You are right, Keith. Choosing at 6 weeks for conformation is young, but we do what we have to do. Nothing is guaranteed anyway. If someone really wanted a show dog and only a show dog, they wouldn't know or choose until 6 months.  I think that is what CM did.

I could see a difference at 6 weeks in the chests, but only from a photograph of them all in a stacked position. Running around loose you couldn't see any difference, but stacked it was pretty clear at 6 weeks. The legs either came down from the withers or they didn't. The backs were either short or they weren't. There was huge variety! I could post a couple pictures of the puppies in my pups litter at 6 weeks to show what I mean, but this is Jacamars thread about the new white puppy.  Also, some of the puppies automatically stacked that young and some did not. That was interesting.

Keith, good luck with your new puppy, too! When are you getting yours?


----------



## Keithsomething

Well actually I think CM didn't really "wait" until 6mo to get Tiger she contacted the breeder and she placed Tiger with Lizzie for whatever reason (I may be wrong CM?) because breeders tend to keep the best for themselves. If I were buying from someone like a handler or a breeder known for doing that and not wanting to take a chance on a newbie I'd wait until the pups were 5-7mo before contacting them just because I know several handlers keep the 2-3 BEST puppies for themselves in case they can't place the whole litter and when they decide to sell those puppies they're already acclimated to the show world ^_^

Some lines do develop differently than others...but the difference is so minute like...one line much be at the best conformation to pick the "pick" at 7.5wks while another might not be until 8.5wks. And temperament changes SOOOO drastically over those 2 weeks one puppy might suddenly develop more drive than another I mean I'm happy that everything worked out and I'm sure it does more often or not...but it isn't something I'd do.

And thanks ^_^
My puppy is about 6mo-1yr off but she'll be coming from an amazing breeder who meets every requirement I have for one and produces BEAUTIFUL healthy well tempered dogs :] I'm quite excited for the breeding!


----------



## Jacamar

Six and half weeks..


----------



## PlayfulPup

I just want to grab her (him? I forget what you where going to pick) and cuddle! So cute!!!

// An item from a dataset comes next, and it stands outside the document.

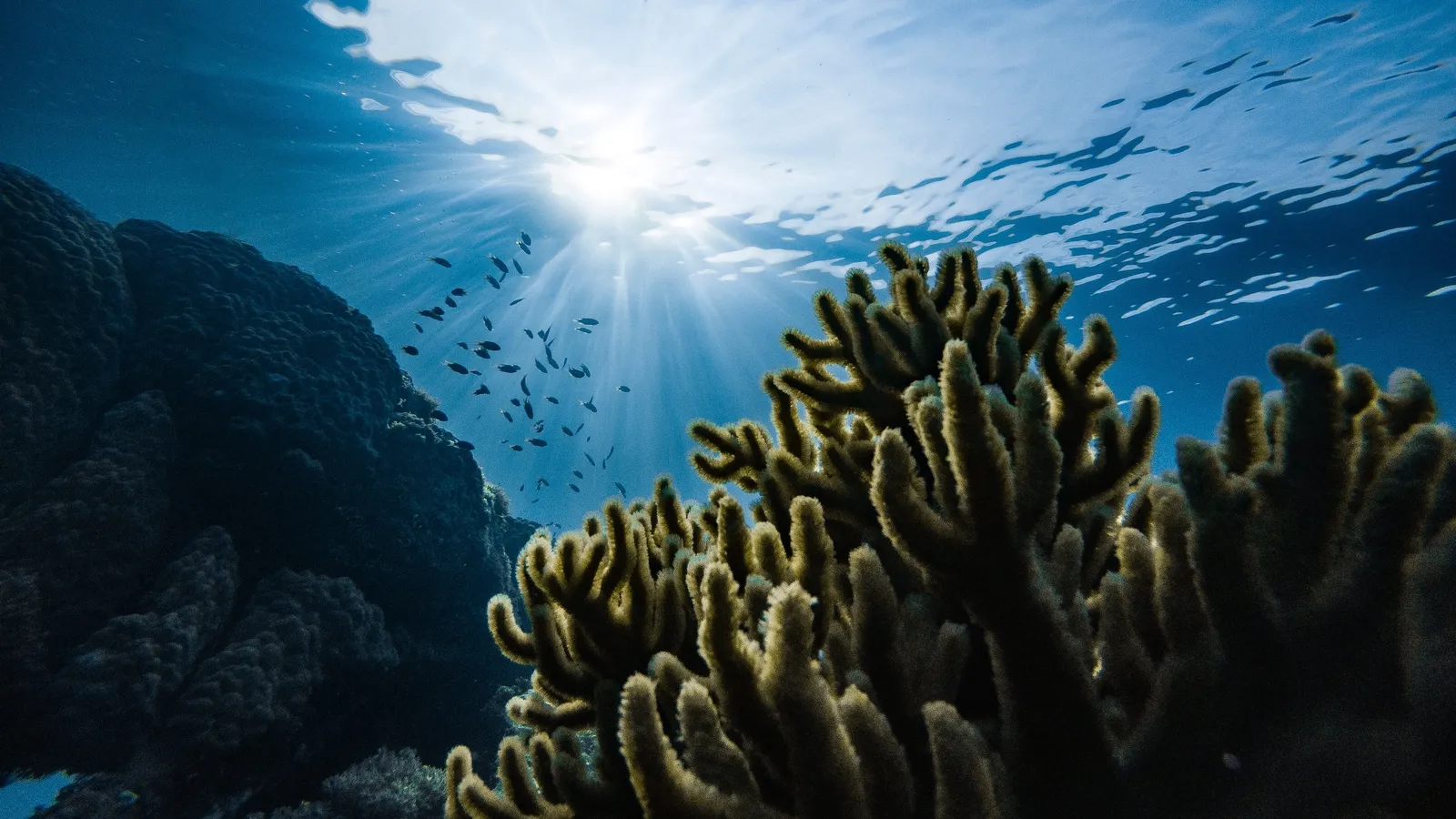 Under water on the reef: coral in the foreground, a shoal of fish and sunbeams coming down from the surface.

Sent from my iPhone using PG Free


----------



## lily cd re

I was wondering when you would update us. Looks fabulous! You picked well. When does the little one get to come home with you?


----------



## ambitious groomer

*gorgeous!*

Wow! That's your baby! How exciting for you.


----------



## Quossum

Spectacular spoo baby!

--Q


----------



## ArreauStandardPoodle

That is a lovely puppy! You must be sooooo excited!!


----------



## jester's mom

Look at those beautiful white babies! I love how excited you are and sure looks like one lucky little boy pup is going to have a great home lavished with all he needs! Wow, another 8 weeks of purchases to go...LOL... your boy is a lucky boy.  Congratulations.


----------



## outwest

What a beautiful puppy! Tell us, if you don't mind, was it hard to choose? What made you choose this gorgeous guy over the others? He's soooooo pretty.


----------



## Jacamar

Thanks for your kind words, everyone! :smile:

I'll bring him home in 8 more days, Im so excited!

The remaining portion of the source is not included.